RECORD SET section start

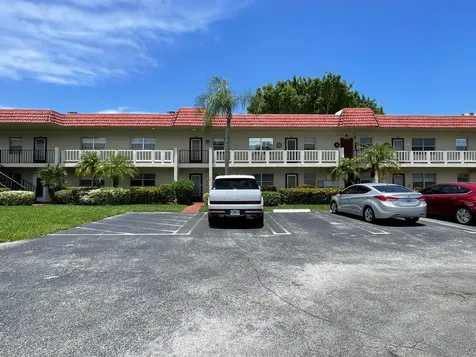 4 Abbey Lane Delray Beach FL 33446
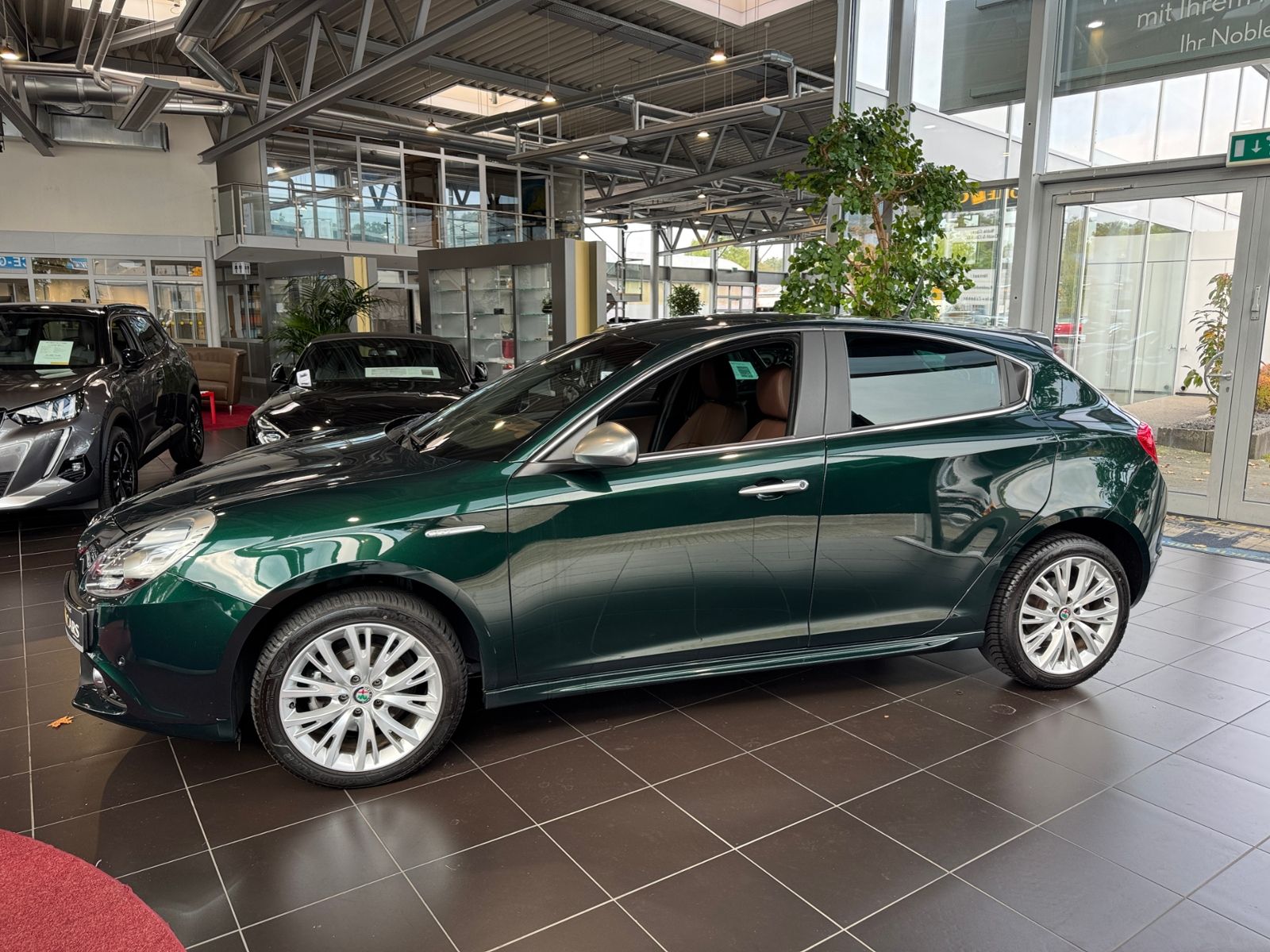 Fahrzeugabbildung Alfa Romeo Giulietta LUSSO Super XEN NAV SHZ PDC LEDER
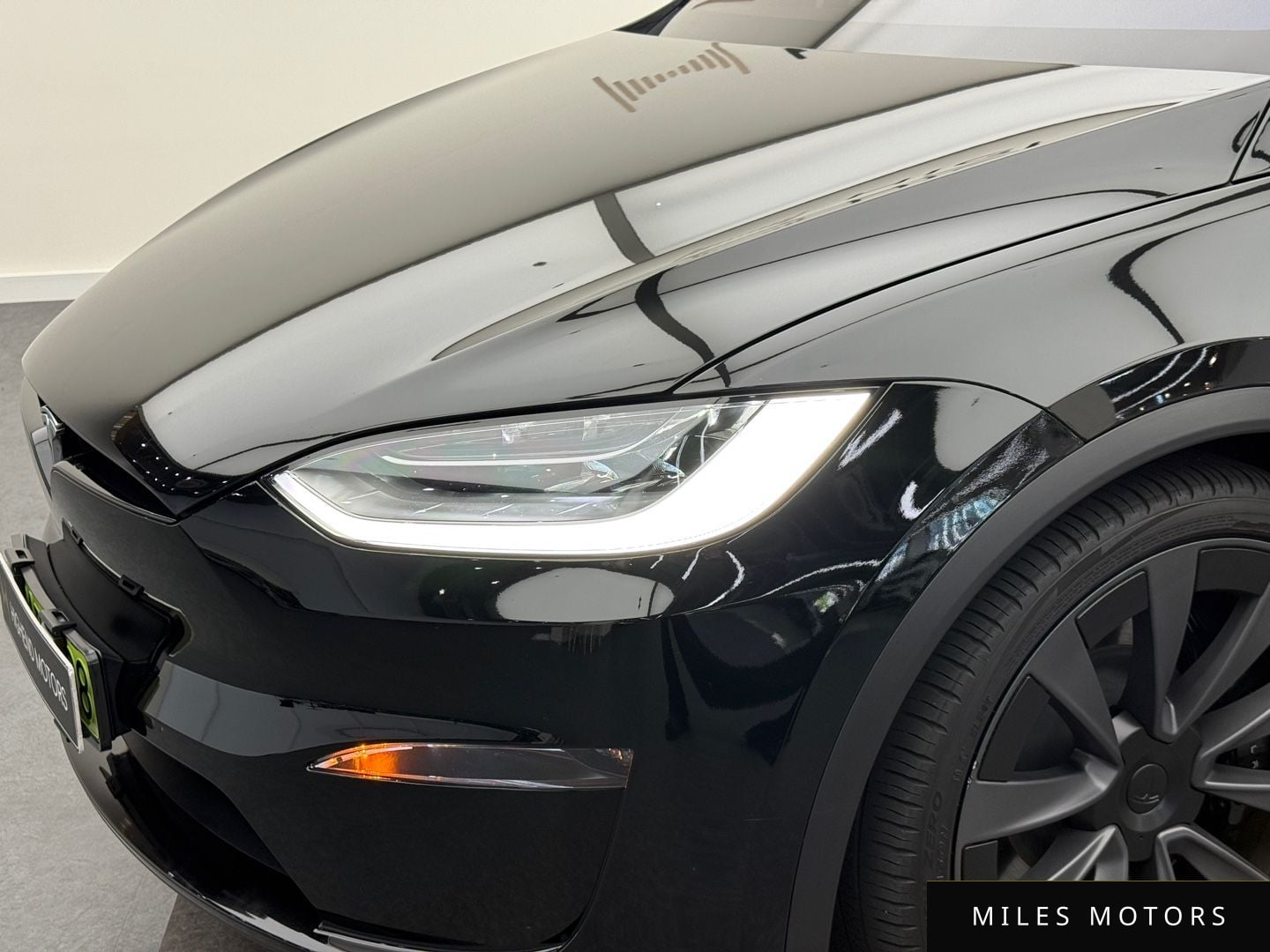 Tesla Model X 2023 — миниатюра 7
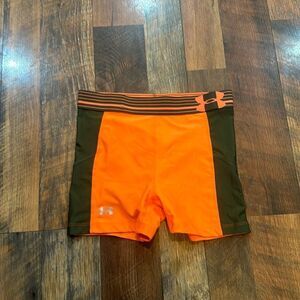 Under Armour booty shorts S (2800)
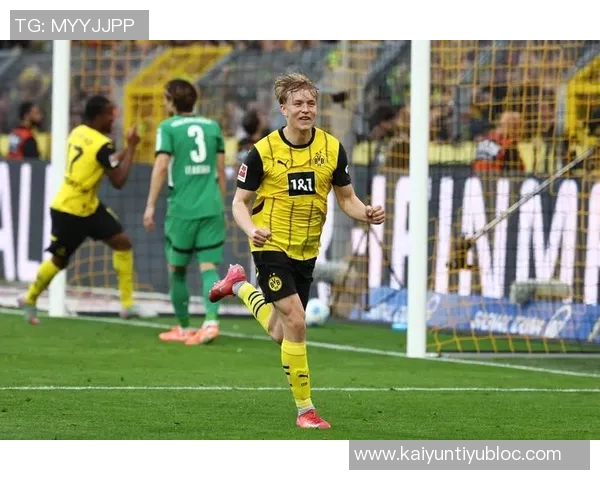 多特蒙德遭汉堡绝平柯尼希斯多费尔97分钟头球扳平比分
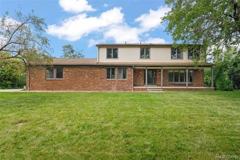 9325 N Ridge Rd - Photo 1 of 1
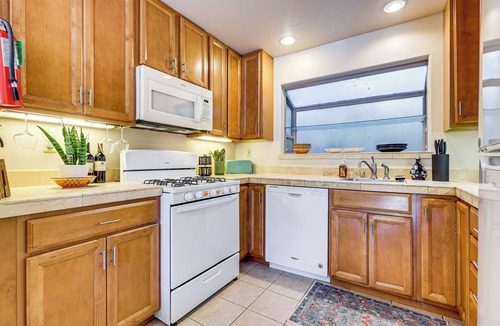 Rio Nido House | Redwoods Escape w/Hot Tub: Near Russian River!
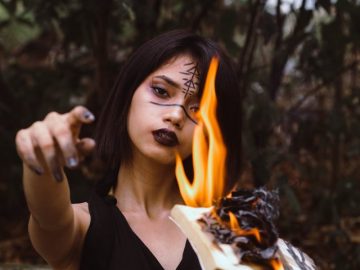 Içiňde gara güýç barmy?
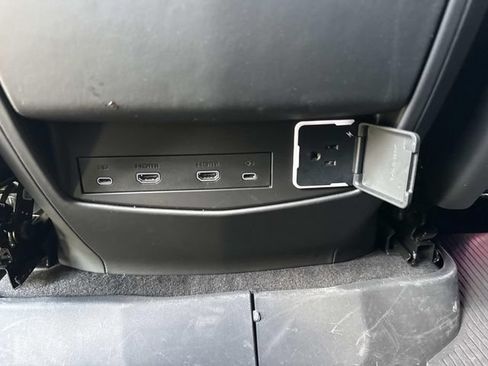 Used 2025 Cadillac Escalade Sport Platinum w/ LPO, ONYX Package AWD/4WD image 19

RECORD SET section end

Give the records a second time exactly, keeping the images out.

 4 Abbey Lane Delray Beach FL 33446
 Fahrzeugabbildung Alfa Romeo Giulietta LUSSO Super XEN NAV SHZ PDC LEDER
 Tesla Model X 2023 — миниатюра 7
 Under Armour booty shorts S (2800)
 多特蒙德遭汉堡绝平柯尼希斯多费尔97分钟头球扳平比分
 9325 N Ridge Rd - Photo 1 of 1
 Rio Nido House | Redwoods Escape w/Hot Tub: Near Russian River!
 Içiňde gara güýç barmy?
 Used 2025 Cadillac Escalade Sport Platinum w/ LPO, ONYX Package AWD/4WD image 19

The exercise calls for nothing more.